Thankfully, Children’s National Health System emergency medical specialist Dr. Shireen Atabaki has spent the last 20 years developing a “near-perfect diagnostic tool for concussion” that reduces the need for CT scans. She’s received recognition for this work including the National Heroes Award for Research by the Maternal Health Child Bureau.
“It’s been estimated that people who get a single CT scan in the first 22 years of life have a 300 percent increase risk of cancer in their lifetime,” Atabaki explains. “Aside from doing unnecessary testing, what was happening around the country and the world was that kids weren’t being screened for the disease that they actually had, which was usually, after head trauma, a concussion [not a strain or a sprain].”
The health technology Atabaki developed is now in the electronic health record at Children’s Hospital. “It automatically takes doctors to a checklist based on really refined research we’ve done over the years that helps them make a decision,” she says. The checklist includes questions such as, “Do you have a headache, dizziness, sadness, irritability or trouble with sleep?”

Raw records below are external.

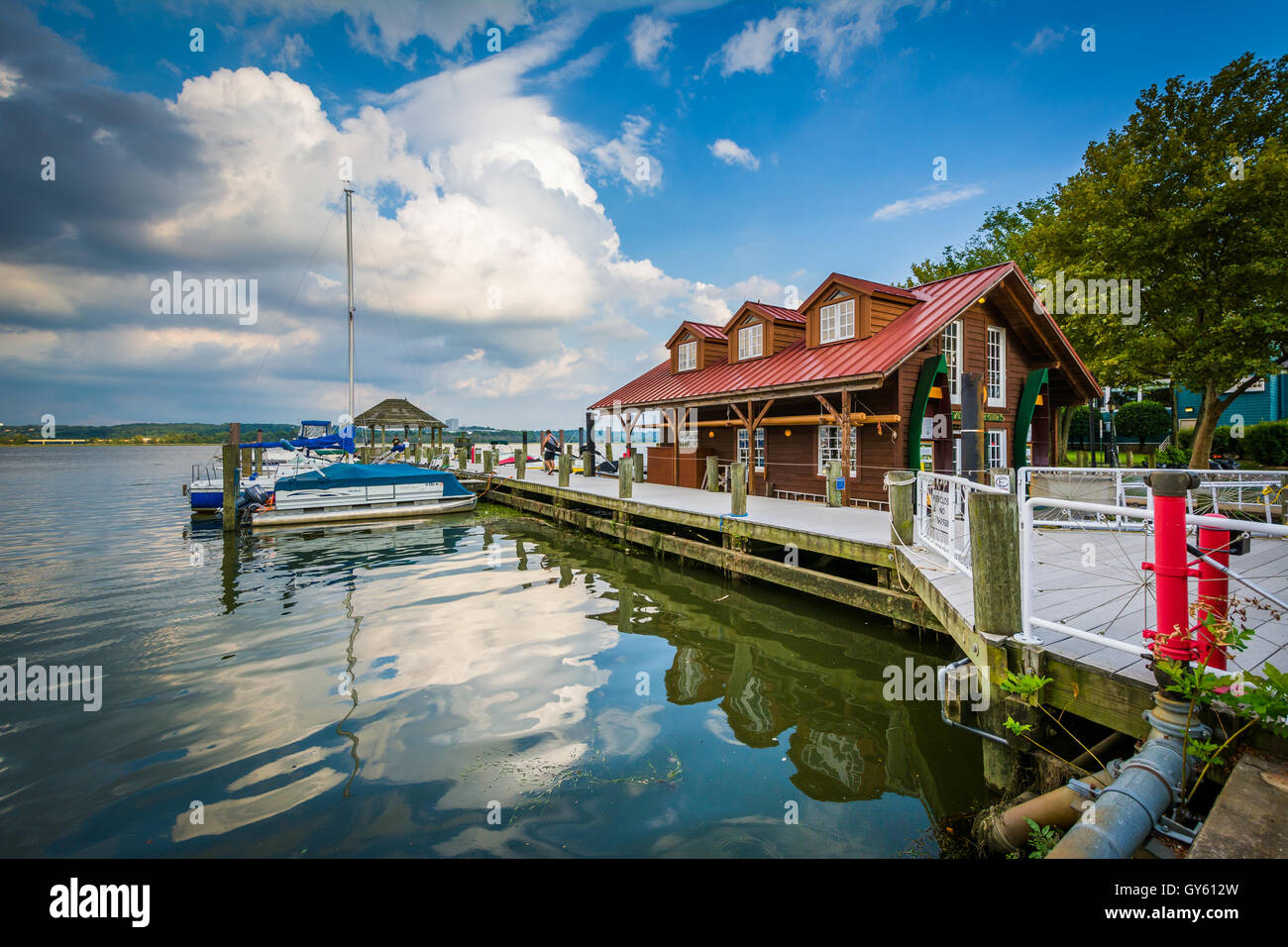 Gebäude und Docks am Potomac River-Ufer, in Alexandria, Virginia. Stockfoto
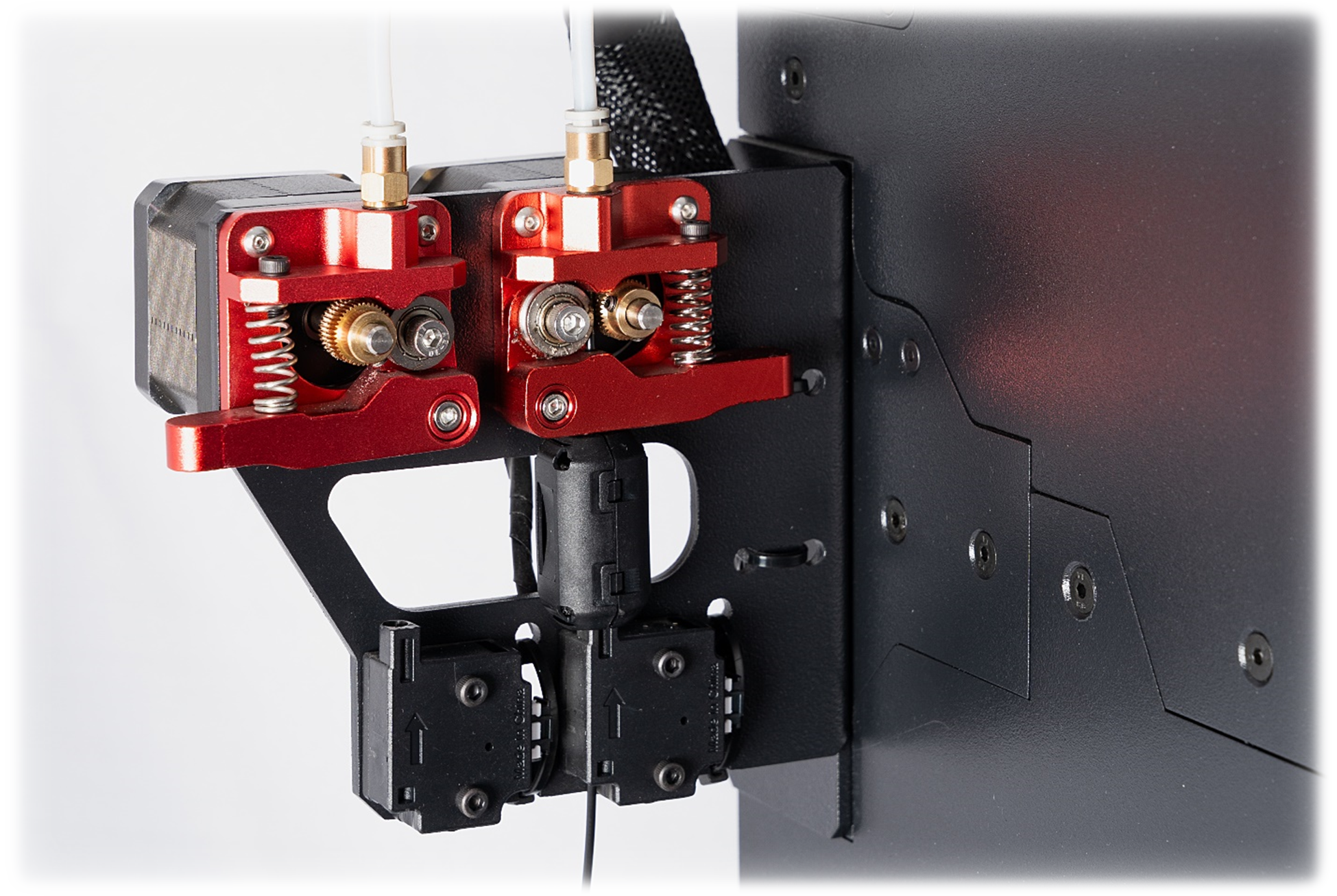 مجهز به سنسور قطع فیلامنت و اکسترودر دوبل برای هر نازل 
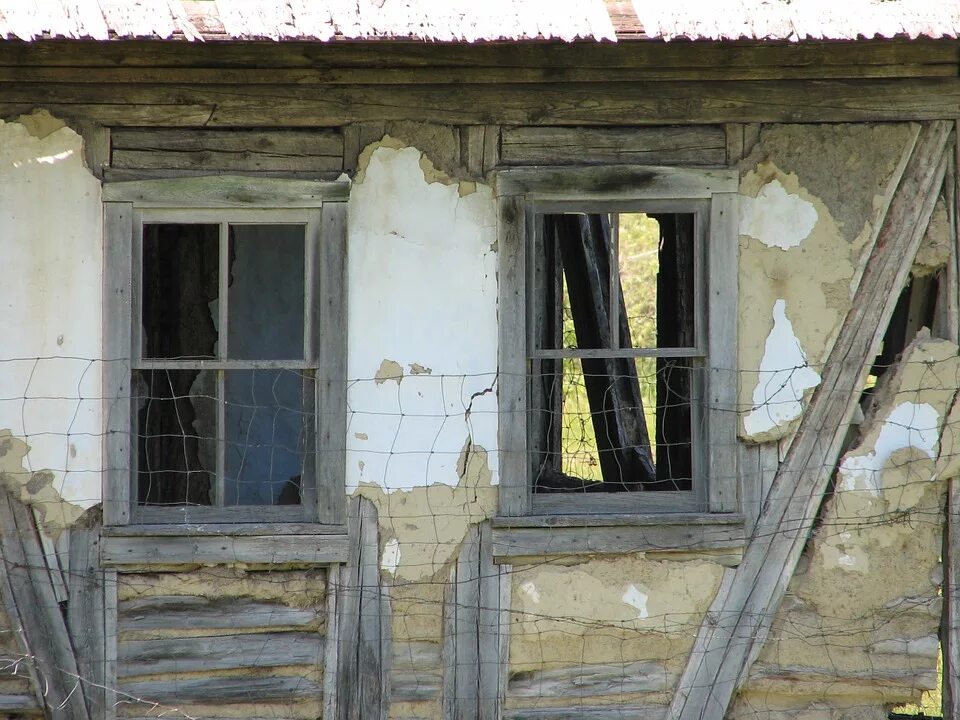 Дом сруб старый. Старый деревянный дом. Деревенский домик. Деревенский домик. Старые дома из бревна.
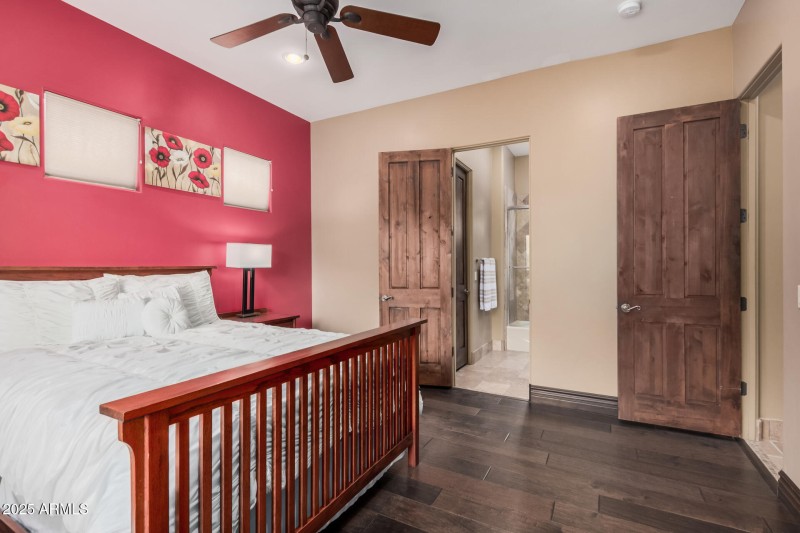 7013 E SUMMIT TRAIL CIR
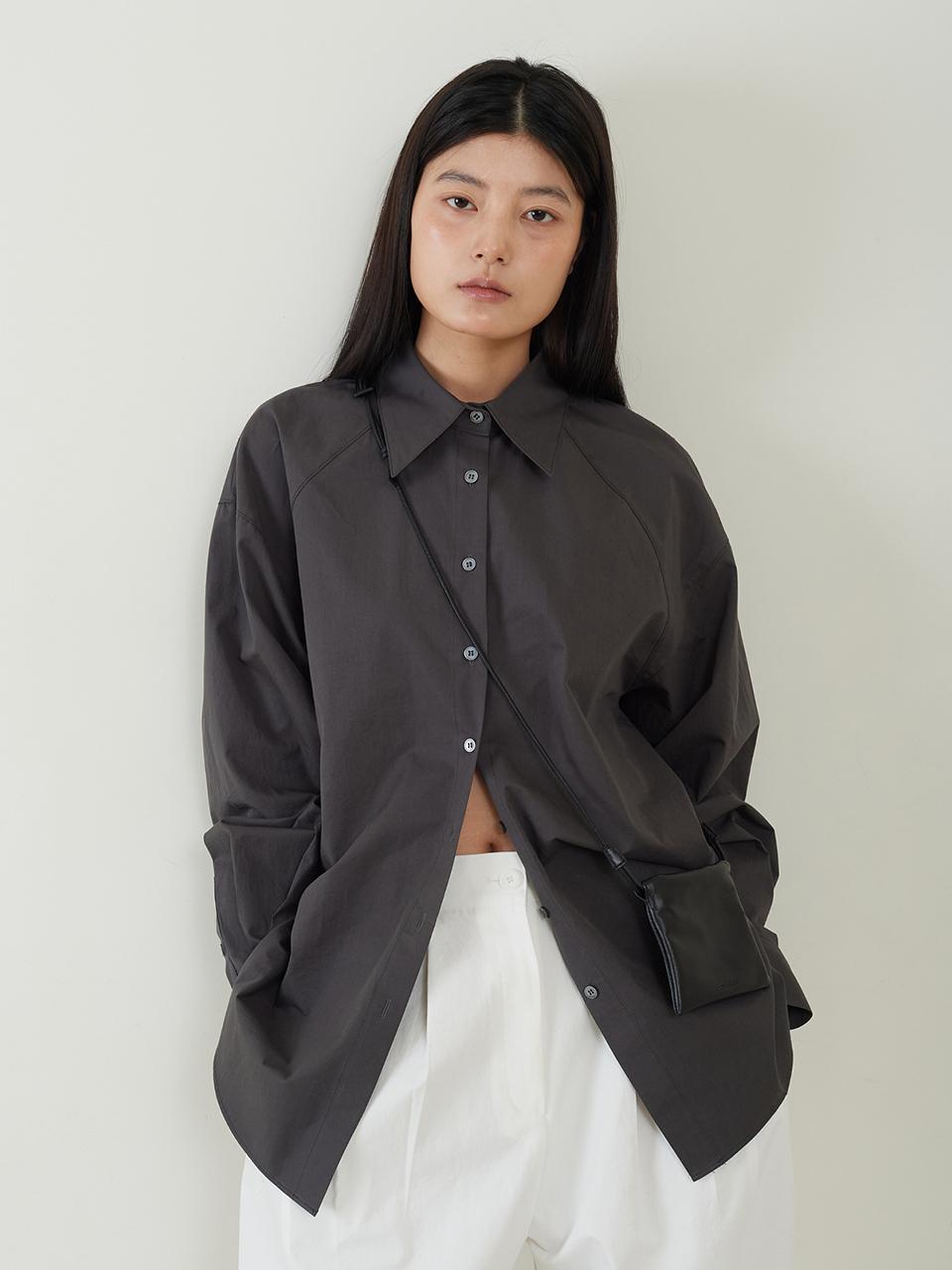 fromwhere Raglan Panel Oversized Shirt [Charcoal]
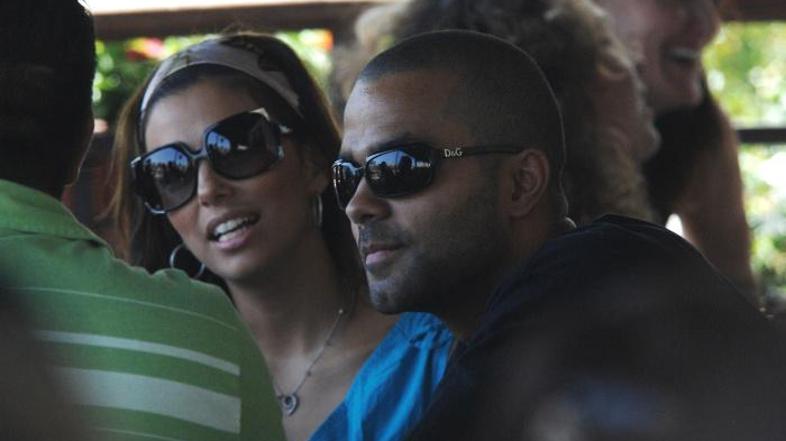 Je novi videoposnetek le še ena od njunih promocij?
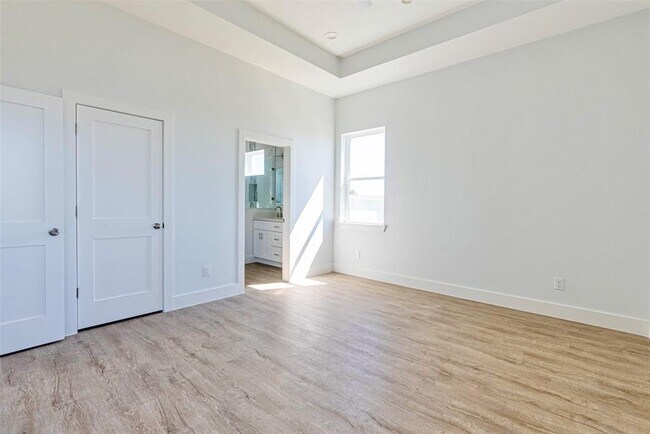 Building Photo - 4206 Mason Dr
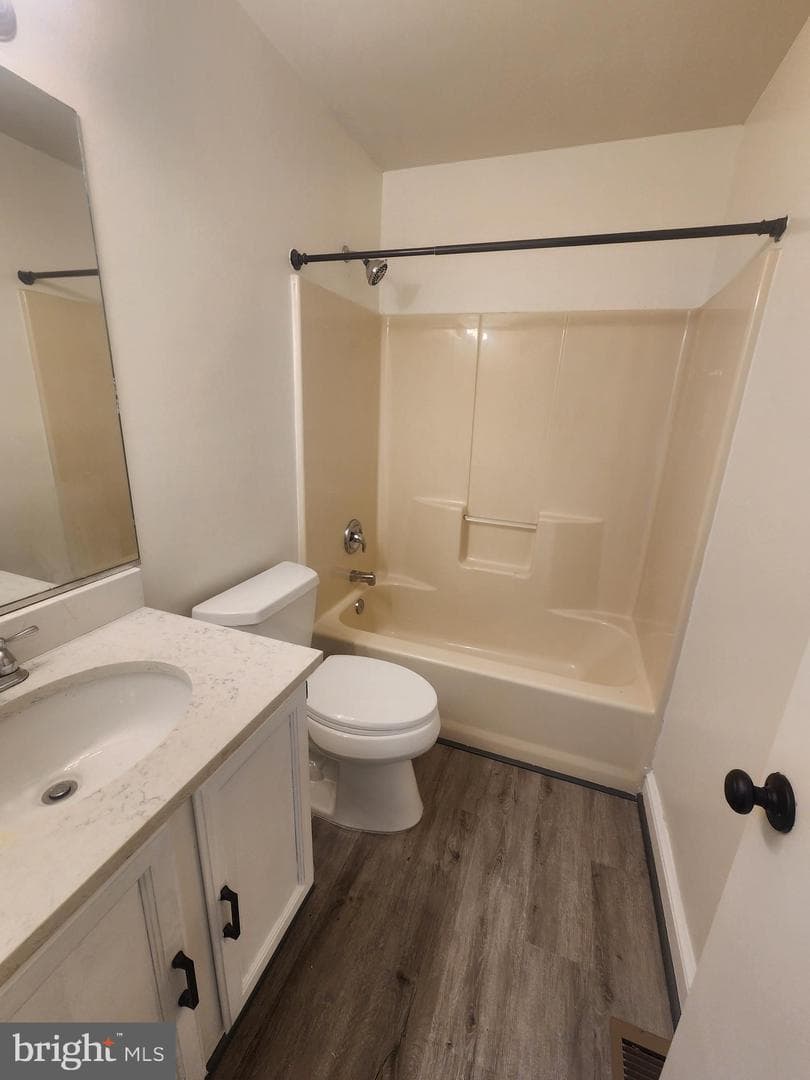 105 Beachside Cove photo 11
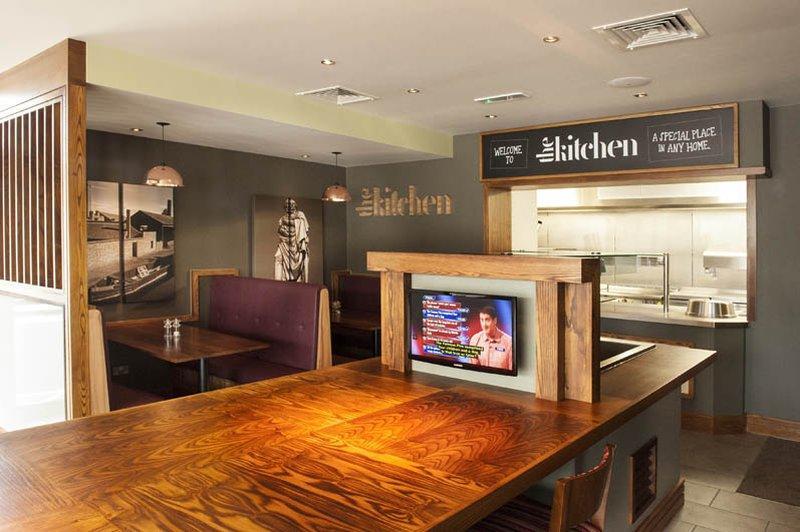 Premier Inn Dudley Town Centre Екстериор снимка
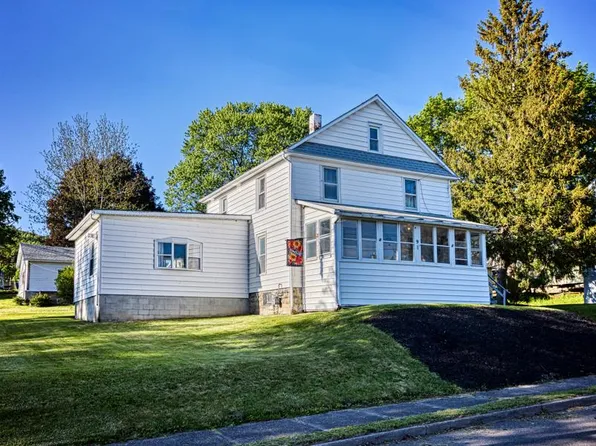 9 W Spruce St, Corning, NY 14830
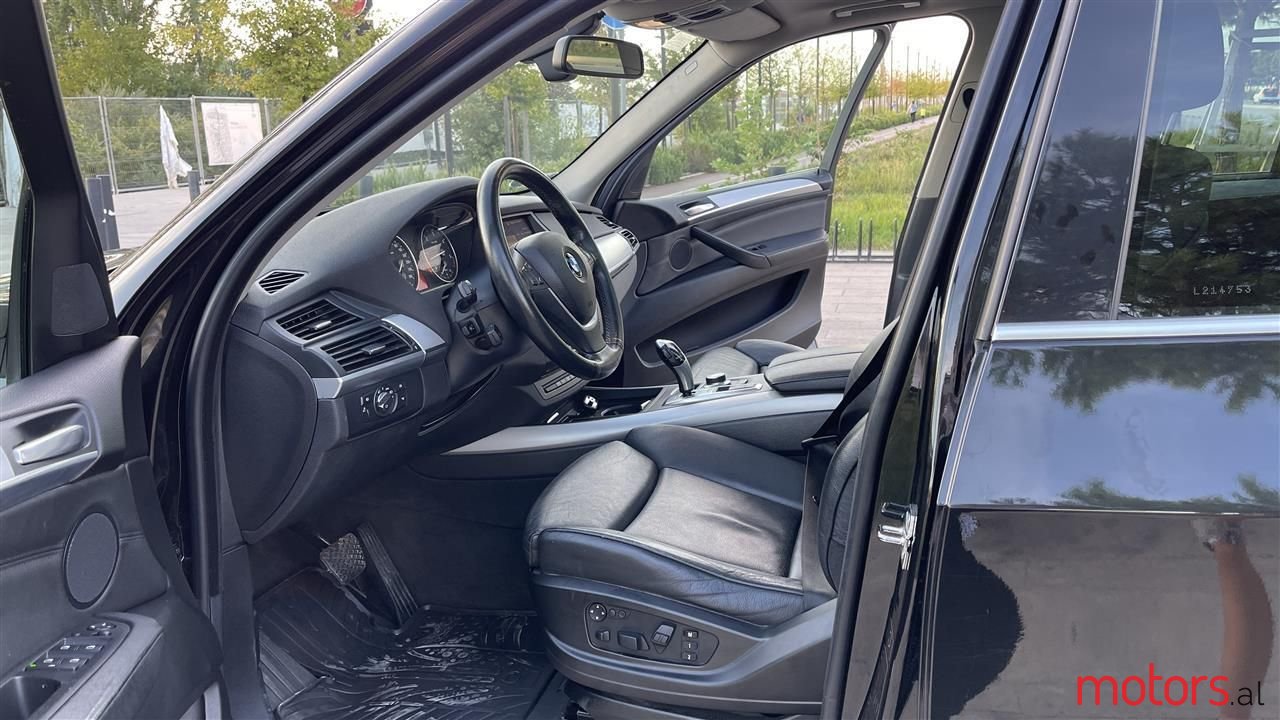 2010' BMW X5 photo #3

They’ve also worked with the Center for Disease Control to come up with mobile apps that start at the time of the nursing triage. A screen pops up when a patient arrives with head trauma and it takes the nurse down a path of screening for concussions. The piloted mobile programs can go home with the kids, Atabaki says, allowing for automatic communication with a school nurse or athletic trainer, reminding a nurse to give the child a modified school day and rest, or not to push them with standardized testing as they’re recovering. Thanks to a grant from the District of Columbia two years ago, Atabaki and her team were able to train 100 percent of the district’s public school nurses and even make a documentary that’s viewable to all on YouTube called, “Play Smart, Your Brain Matters.”
“Our ultimate goal is to get funding to take the mobile app and send daily reminders to the young kids every day, taking them through the concussion checklist,” she explains. The cost-saving potential is huge. Children’s National was able to save more than $800,000 in one year by reducing CT scans by 556. “If you can get these tools into every electronic health record in every emergency department in the U.S.,” Atabaki says, “we can have at least a $500 million cost saving in one year of reduced CT scans.”
Awareness has grown appreciably in the last 20 years. We’re increasingly seeing the harm of misdiagnosing or not treating concussions properly. Professional sports players, particularly NFL players, have had a lot to do with that. In 2014,15 former NFL players sued the organization over concussions. Violence and even suicide by football players have been linked to chronic traumatic encephalopathy (CTE), a degenerative brain disease that occurs from repeated concussions. When Aaron Hernandez died at age 27, a posthumous examination of his brain showed that of a player well into his 60s. These instances showcase how important early recognition of the first concussions are, oftentimes beginning in childhood.
Atabaki remains optimistic. “Sports are great for kids,” she says. “I put all three of my children in sports. Sometimes you can’t avoid these injuries, so the key is early recognition. Pull your child out and get them the evaluation they need.”
This feature appeared in the December 2017 issue of Washington Life.